President Gloria Arroyo is to call for changes to the Philippines constitution to resolve a major obstacle that has threatened to derail peace talks with Moro Islamic Liberation Front (MILF), a senior aide said Wednesday.
The Filipino leader is to ask Congress and the electorate to approve a shift from a centralized form of government in favor of a "federal" system to accommodate Moro Islamic Liberation Front calls for a regional government in parts of the south, Jesus Dureza said.
Dureza, Arroyo's chief adviser on peace negotiations with the country's communist as well as Muslim groups, said her cabinet agreed on December 18 "that this is the way forward" after talks with the MILF broke down.
He told the Foreign Correspondents Association that the initiative would allow the setting up of a MILF-proposed "Bangsa Moro (Muslim Nation) Juridical Entity" to exercise key powers over the area excluding defense and foreign relations.
The electorate of the mainly Roman Catholic Philippines in 1987 ratified a new constitution that set up limited Muslim self-rule in several provinces of the southern region of Mindanao.
Nine years later the government signed a peace treaty with another Muslim group, the Moro National Liberation Front, that went on to run the so-called Autonomous Region in Muslim Mindanao (ARMM).
However the MILF has rejected the ARMM and demanded wider powers over a larger area.
Decades of fighting has left tens of thousands dead as well as large parts of Mindanao mired in poverty.
Christian migrants that now comprise the majority in Mindanao have rejected proposals to expand the ARMM.
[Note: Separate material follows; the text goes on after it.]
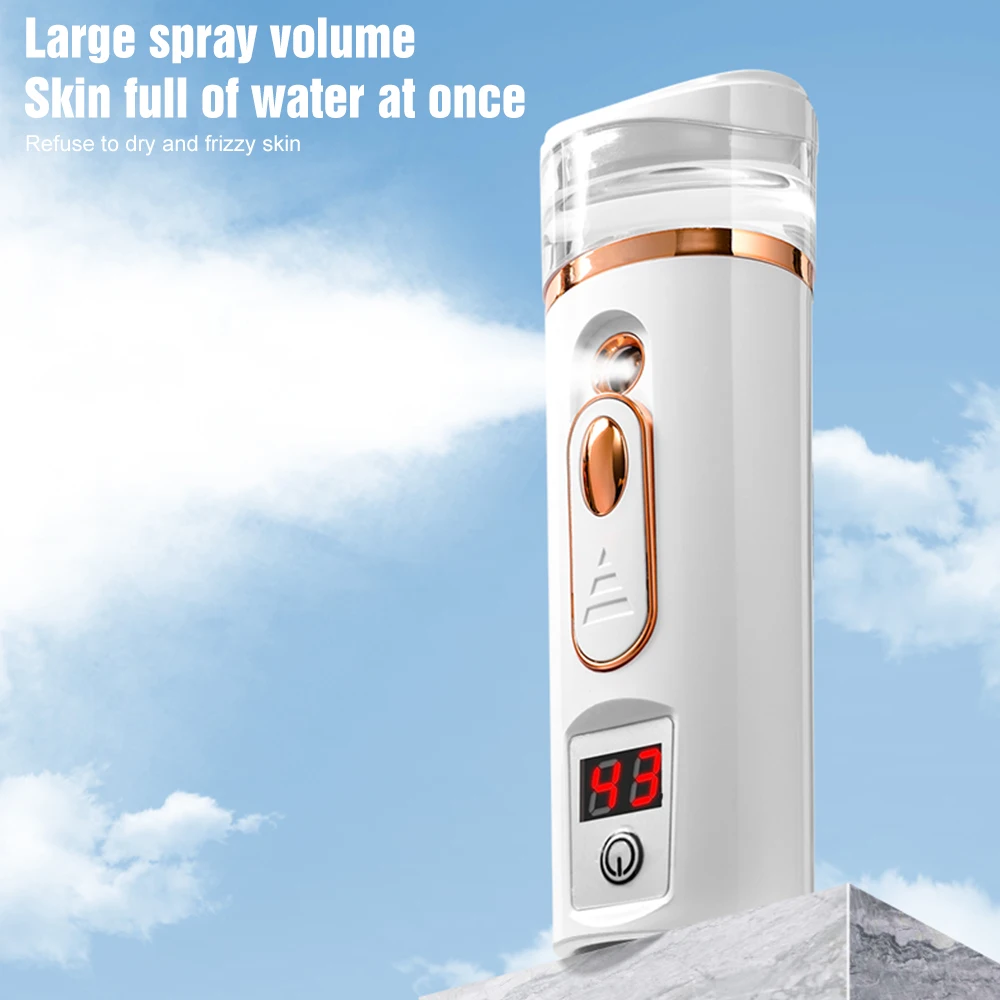 474707_752de07e0d6d4e6c9518e7ce9b19f0d0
Previous government efforts to change the constitution have proved unpopular in the past due to suspicion that the sitting president would use it to change a provision that limits the presidency to a single six-year term.
Dureza said the idea of a federal set-up was popular in Mindanao, where there is a perception by many that the national government has neglected the region.
He said the Arroyo government was hopeful that if the electorate were convinced a federal set-up would solve the Muslim “insurgency”, "they will give it to us."
He said the government has yet to decide whether to ask the Senate and the House of Representatives to convene a constituent assembly to amend the constitution, or to call on Filipinos to elect delegates to a constitutional convention. He also declined to discuss a timetable.
The peace talks, hosted by Kuala Lumpur, broke down last month with the MILF aborting a planned December 15 meeting to draft a peace accord for signing in early 2008.
The Muslim groups want greater Muslim control over the economic resources of the Muslim homeland in the Philippines, a former Spanish and US colony.
Under the constitution, the exploration, utilization and development of natural resources shall be "under the full control" of the state.
Both sides reached a breakthrough in November when they agreed to the scope and boundaries of the MILF's demand for "ancestral domain" or communal land that Muslims lost when the colonial government introduced a system of land titles.
PHOTO CAPTION
Moro Islamic Liberation Front (MILF) forces patrol Ginanta village in southern Basilan island.